J'aime quand elle entrouvre ses cuisses
Et que, du bout de mon membre, je sens l'entrée de son temple.
Alors, je m'enfonce en elle jusqu'à la garde,
Et, pris par le délire de ma possession, je m'abandonne à la volupté.

Je l'aime lorsqu'elle gémit sous mes assauts,
Quand, unis dans le plaisir, nous atteignons ensemble l'extase,
Quand nos cris résonnent à l'unisson,
Et que nos corps, épuisés, s'affaissent, repus.

J'aime sentir son souffle contre ma peau,
Quand elle se blottit contre moi, satisfaite,
Quand, dans un dernier baiser, elle m'offre encore sa tendresse,
Et que, les yeux fermés, elle s'endort contre mon torse.

Quand nos corps sont consumés par la passion,
Et que, dans un dernier soupir, je m'effondre sur elle,
Je sens encore la chaleur de son étreinte,
Le parfum de sa peau, la douceur de ses lèvres.

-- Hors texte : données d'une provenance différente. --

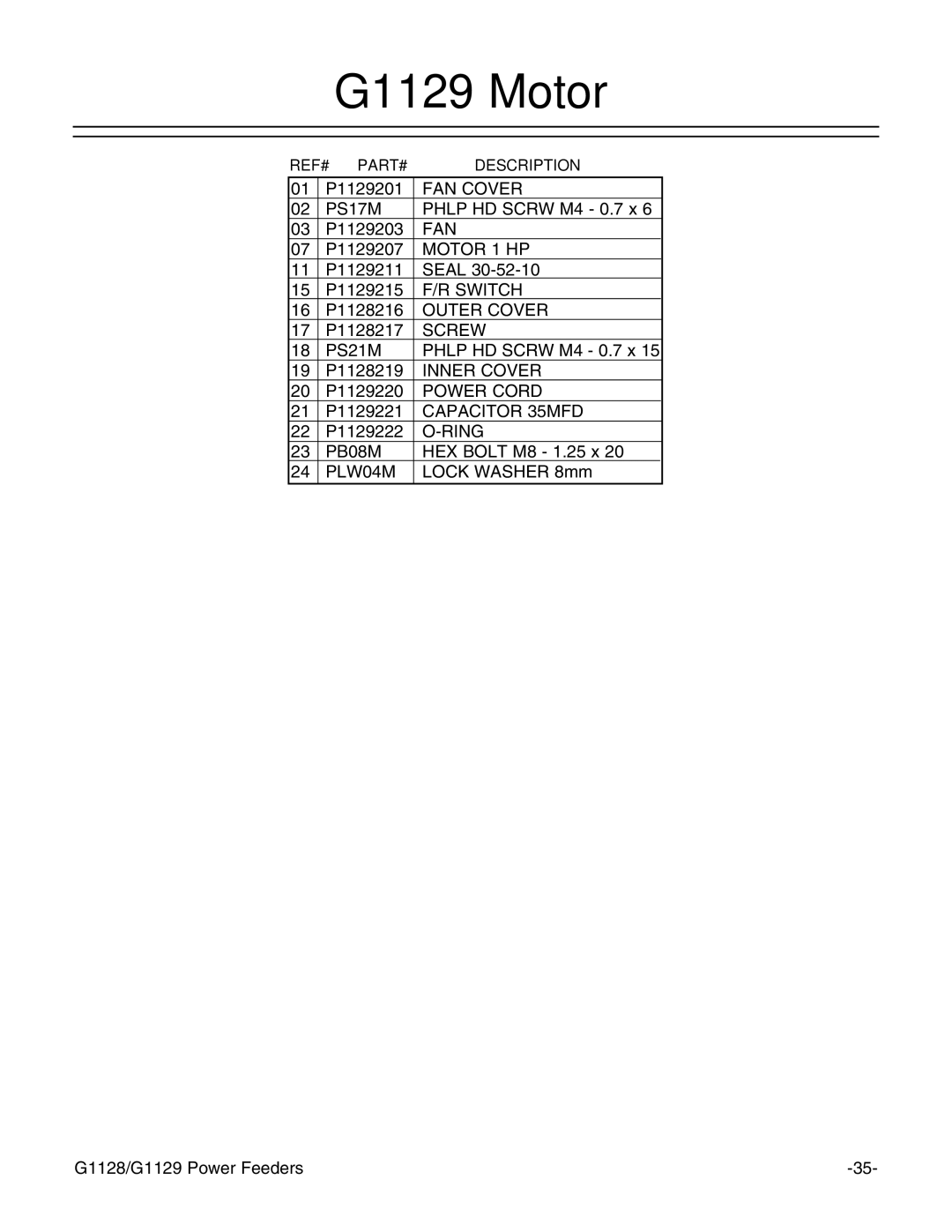 Grizzly G1128 instruction manual G1129 Motor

Nous restons ainsi, unis dans la satisfaction,
Les pensées flottant entre rêves et réalité,
Les corps bercés par la langueur du plaisir accompli.
Le temps semble suspendu, l'instant est parfait.

Mais déjà, je sens le désir renaître en moi,
Une nouvelle vague de passion m'envahir.
Je l'attire à nouveau contre moi,
Et, dans un murmure, je lui demande encore.

Elle sourit, ses yeux brillent d'une lueur complice.
Nous sommes prisonniers volontaires de ce cercle enivrant,
Où chaque étreinte en appelle une autre,
Où chaque souffle devient un cri de plaisir.

La nuit est à nous, le monde n'existe plus.
Seuls nos corps comptent, et la douce torture
De cette passion qui ne connaît pas de fin,
De cette luxure qui nous consume, encore et encore.

Elle est mienne, je suis sien,
Perdus dans ce tourbillon de sensations,
Nous ne faisons plus qu'un,
Les amants éternels, esclaves du désir.

Quand l'aube enfin pointe à l'horizon,
Nos corps exténués se relâchent,
Et, dans un dernier soupir,
Nous sombrons ensemble dans un sommeil bien mérité.
 
Douce symphonie érotique au rythme d'un amour torride et frénétique.